Originally I tried changing "new_file.writerow([])" to "new_file.writerow()", at this point the row input -r- did write correctly the csv file, but the geocoding attributes could no longer be written to the csv as they were looked at as additional arguments.
def locate(file=None):
""" locate by geocoding func"""
start_time = time.time()
count = 0
if file != None:
with open (file) as in_file:
f_csv = csv.reader(in_file)
# regex headers and lowercase to standarize for hasattr func.
headers = [ re.sub('["\s+]', '_', h).lower() for h in next(f_csv)]

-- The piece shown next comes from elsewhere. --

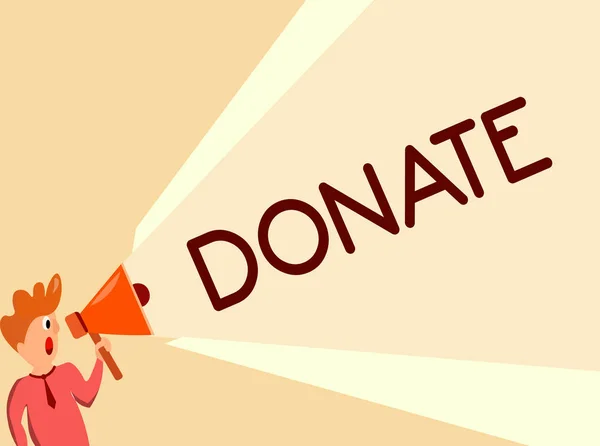 Σύνταξη σημείωσης δείχνει Donate. Επαγγελματίες φωτογραφία παρουσιάζοντας δίνουν χρήματα ή αγαθά για καλό σκοπό, για παράδειγμα σε φιλανθρωπία ή άτομα — Φωτογραφία Αρχείου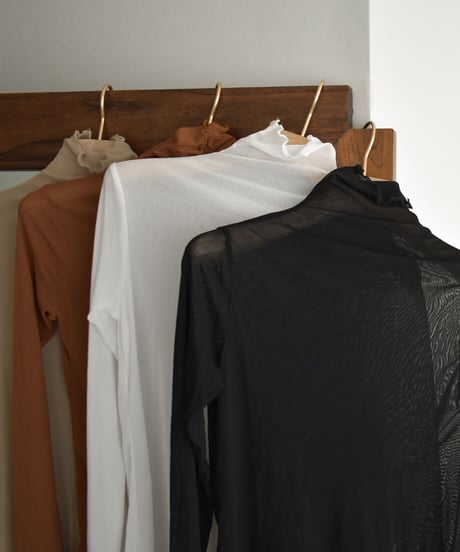 Sheer Turtleneck Tops t1911-138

# Used namedtuple for headers
Row = namedtuple('Row', headers)
# for row in file
for r in f_csv:
count += 1
# set row values to named tuple values
row = Row(*r)
# Try hasattr to find fields names address, city, state, zipcode
if hasattr(row, 'address'):
address = row.address
elif hasattr(row, 'address1'):
address = row.address1
if hasattr(row, 'city'):
city = row.city
if hasattr(row, 'state'):
state = row.state
elif hasattr(row, 'st'):
state = row.st
if hasattr(row, 'zipcode'):
zipCode = row.zipcode
elif hasattr(row, 'zip'):
zipCode = row.zipcode
# Create new address object
addressObject = Address(address, city, state, zipCode)
# Get response from api
data = requests.get(addressObject.__str__()).json()
try:
data['geocodeStatusCode'] = int(data['geocodeStatusCode'])
except:
data['geocodeStatusCode'] = None
if data['geocodeStatusCode'] == 'SomeNumber':
# geocoded address ideally uses parent class attributes
geocodedAddressObject = GeocodedAddress(addressObject.address, addressObject.city, addressObject.state, addressObject.zipCode, data['addressGeo']['latitude'], data['addressGeo']['longitude'], data['addressGeo']['score'])
else:
geocodedAddressObject = GeocodedAddress(addressObject.address, addressObject.city, addressObject.state, addressObject.zipCode)
# Problem Area
geocoded_file = file.replace('.csv', '_geocoded2') + '.csv'
with open(geocoded_file, 'a', newline='') as geocoded:
# Problem area -- the r -row- attribute writes all within the same cell even though they are comma separated. The geocoding attributes do write correctly to the csv file
new_file = csv.writer(geocoded)
new_file.writerow([r, geocodedAddressObject.latitude, geocodedAddressObject.longitude, geocodedAddressObject.geocodeScore])
print('The time to geocode {} records: {}'.format(count, (time.time() - start_time)))
CSV Input Data Example:
"UID", "Occupant", "Address", "City", "State", "ZipCode"
"100001", "Playstation Theater", "New York", "NY", "10036"
"100002", "Ed Sullivan Theater", "New York, "NY", "10019"
CSV Output Example (the additional fields are parsed during geocoding)
"UID", "Occupant", "Address", "City", "State", "ZipCode", "GeoCodingLatitude", "GeoCodingLongitude", "GeoCodingScore"
"100001", "Playstation Theater", "New York", "NY", "10036", "45.1234", "-110.4567", "100"
"100002", "Ed Sullivan Theater", "New York, "NY", "10019", "44.1234", "-111.4567", "100"